Re: [PATCH 01/14] x86/cqm: Intel Resource Monitoring Documentation

From: Shivappa Vikas
Date: Wed Dec 28 2016 - 15:09:06 EST

On Tue, 27 Dec 2016, David Carrillo-Cisneros wrote:

On Tue, Dec 27, 2016 at 3:10 PM, Andi Kleen <andi@xxxxxxxxxxxxxx> wrote:
On Tue, Dec 27, 2016 at 01:33:46PM -0800, David Carrillo-Cisneros wrote:
When using one intel_cmt/llc_occupancy/ cgroup perf_event in one CPU, the
avg time to do __perf_event_task_sched_out + __perf_event_task_sched_in is

most of the time is spend in cgroup ctx switch (~1120ns) .

When using continuous monitoring in CQM driver, the avg time to
find the rmid to write inside of pqr_context switch is ~16ns

Note that this excludes the MSR write. It's only the overhead of
finding the RMID
to write in PQR_ASSOC. Both paths call the same routine to find the
RMID, so there are
about 1100 ns of overhead in perf_cgroup_switch. By inspection I assume most
of it comes from iterating over the pmu list.

Do Kan's pmu list patches help?

I think these are independent problems. Kan's patches aim to reduce the overhead
of multiples events in the same task context.
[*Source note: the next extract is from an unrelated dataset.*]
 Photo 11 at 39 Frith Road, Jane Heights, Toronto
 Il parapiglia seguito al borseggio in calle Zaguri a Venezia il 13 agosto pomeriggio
The overhead numbers I posted
measure only _one_ event in the cpu's context.

Or is there some other overhead other than the MSR write
you're concerned about?

No, that problem is solved with the PQR software cache introduced in the series.

So it's already fixed?

Sort of, with PQR sw cache there is only one write to MSR and is only
when either the
RMID or the CLOSID actually changes.

How much is the cost with your cache?

If there is no change on CLOSID or RMID, the hook and comparison takes
about 60 ns.
If there is a change, the write to the MSR + other overhead is about
610 ns (dominated by the MSR write).

We measured the MSR read and write we measured were close to 250 - 300 cycles. The issue was even the read was as costly which is why the caching helps as it avoids all reads. The grouping of RMIds using cgroup and
multiple events etc helps the cache because it increases the hit probability.

Perhaps some optimization could be done in the code to make it faster,
then the new interface wouldn't be needed.

There are some. One in my list is to create a list of pmus with at
least one cgroup event
and use it to iterate over in perf_cgroup_switch, instead of using the
"pmus" list.
The pmus list has grown a lot recently with the addition of all the uncore pmus.

Kan's patches above already do that I believe.

see previous answer.

Despite this optimization, it's unlikely that the whole sched_out +
sched_in gets that
close to the 15 ns of the non perf_event approach.

It would be good to see how close we can get. I assume
there is more potential for optimizations and fast pathing.

I will work on the optimization I described earlier that avoids iterating
over all pmus on the cgroup switch. That should take the bulk of the
overhead, but still more work will probably be needed to get close to the
15ns overhead.

This seems best option as its more generic so we really dont need our event specific change and adding a file interface which wasnt liked by Peterz/Andi anyways.
Will remove/clean up the continuos monitoring parts and resend the series.